Among the things that's tripping me out the most about being a new father is that a new consciousness is forming next to my wife and myself--at just shy of three months, he's just starting to really see us and respond, but he has yet to learn to love his first song, see his first movie or play, read his first book.
Not that we haven't been reading and singing to him, and, of course, making mix CDs for his crib CD player (yes, he's got one, because I hate the thought of leaving his lullaby playlist to the discretion of the fine folks who make those shaky seats with an "on" switch for "music"). I confess I'd given a thought or two to whether I need to slightly baby-proof my vast iTunes library--maybe de-select songs with gratuitous swearing, shotgun effects, heavy breathing, and/or an overly aggressive sound/tone? But then recently three songs in a row came up on random shuffle that really gave me pause--not for their transgressive content, exactly, but for the fact that none could/should be taken at face value. All have a meta-meaning apart from their surface appeal, and I wonder what it would mean to have a small child's mind absorb them before he learns, well, other important things about life and the world. The songs were:
Randy Newman's "Rednecks." All right, this song liberally uses the "n" word, so on those grounds alone I shouldn't play this song for my son till he's old enough to know you don't say that--not unless you're an acerbic social critic with many layers of bitter irony at work.

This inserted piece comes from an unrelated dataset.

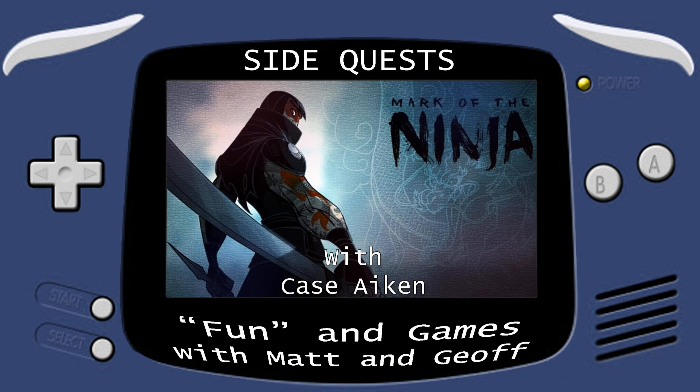Welcome to Fun and Games Sidequests. Every episode is a different host sharing a video game they love and why they love it.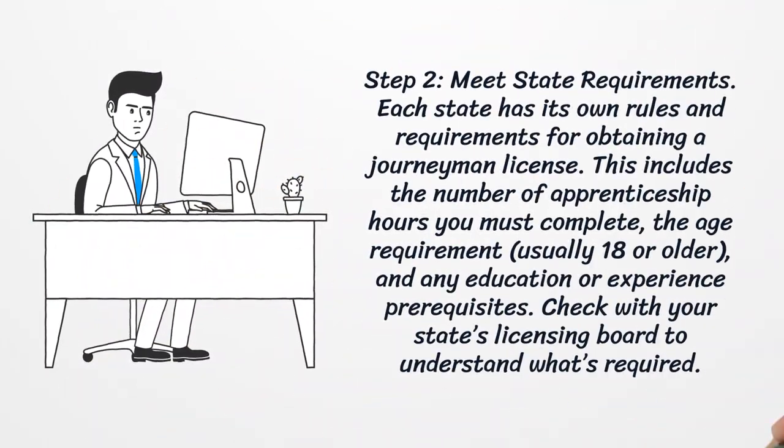Step 2: Meet State Requirements. Each state has its own rules and requirements for obtaining a journeyman license. This includes the number of apprenticeship hours you must complete, the age requirement, and any education or experience prerequisites. Check with your state's licensing board to understand what's required.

"Tomorrow Belongs To Me" from Cabaret. Christ, I love this song, but I know that somehow I "shouldn't." It's not a real Nazi anthem but merely an incredible simulation, and it's as beautiful and seductive as intended; I remember Reza Abdoh employing the song with withering irony in Bogeyman (it was sung by a chorus of naked men, many of them pierced and shaved, if I recall correctly). In short, though there's nothing overtly objectionable about it, I would be a little queasy hearing my son sing it around the house.
"Lake of Fire" by the Meat Puppets. Another head-scratcher. It's a funny and chilling parody of backwoods fire-and-brimstone, but the details are a little too grisly to be laughed at too easily (that girl with the rabies is a particularly fine and disturbing touch). But not least because it's light years away from my own personal theology, I would hesitate to have a child learn anything about hell this way, even if the Pups are winking through the sulfur.
(I can't find a decent YouTube of my fellow Arizonans doing the song, so I've posted the most famous version below)
Now what do I do about "Welcome to the Terrordome"?